Obviously, with divergences, it’s no good getting more non-good samples, but that’s not necessarily the issue. More rounds of adaptation with shorter treedepth seems to actually improve the dynamics because the metric is converging more quickly. Though this model does seem to have some issues and still does produce divergences at lower adapt_delta.

This model is really kind of weird. It seems to be very highly identified in some sense, and this seems to make it hard to fit, because it takes a long time to get out of the tails into the typical set, and then once in the typical set lots of the parameters are tightly identified and so have very small variances.

Hre’s a history of the initial part of the latest run on one chain:

lp__ accept_stat__ stepsize__ treedepth__ n_leapfrog__ divergent__ energy__
-970133 1 0.0003125 4 15 0 1.65568e+06
-970133 0 0.219034 0 1 1 977046
-970133 0 0.0239747 0 1 1 977181
-832784 1 0.00144576 2 3 0 958642
-815724 1 0.0011682 4 15 0 839511
-798189 1 0.00108418 6 63 0 822672
-380986 1 0.00109763 6 63 0 805143
-267794 1 0.00117639 6 63 0 388006
-122322 1 0.00130997 6 63 0 274830
-74943.8 1 0.00149718 6 63 0 129316
-11485.1 1 0.00174177 7 127 0 81819.8
-1107.39 1 0.00205077 7 127 0 18464.5
5957.74 0.999999 0.00243382 7 127 0 8048.97
35838.4 1 0.0029029 7 127 0 1052.49
41161.2 1 0.00347242 7 127 0 -28897.1
51943.2 1 0.00415923 7 127 0 -34086.3
54819.5 0.99359 0.00498287 7 127 0 -44982.5
55331.6 0.999656 0.00585012 7 127 0 -47698.5

as you can see lp__ starts at -970133 and heads up until it gets to 55000 or so where it’s in the typical set. It’s kind of inconceivable to me that overall the probability density in the typical set is like exp(1e6) higher than the starting point… yikes! If I tell it to do treedepth 10 or 15 it will literally take a couple days to get out of the starting point into the typical set, though it will happen in 2 or 3 fewer iterations.

Andrew’s been lobbying for the “run for 8 hours” mode for many years now.
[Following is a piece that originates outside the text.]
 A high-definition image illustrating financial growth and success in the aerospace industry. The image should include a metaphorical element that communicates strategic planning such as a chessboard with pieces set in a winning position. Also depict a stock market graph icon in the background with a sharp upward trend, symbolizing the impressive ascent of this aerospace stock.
We keep saying we’ll add it with Stan 3. One thing we now have the infrastructure in place for is saving warmup and reusing. That’ll let you take a warmup and then keep drawing from the posterior at what should be a decently well estimated rate of effective sample size per unit time.

I’ve often wondered if that would be the case. For adaptation, we mainly need to learn about (co)variance of the parameters.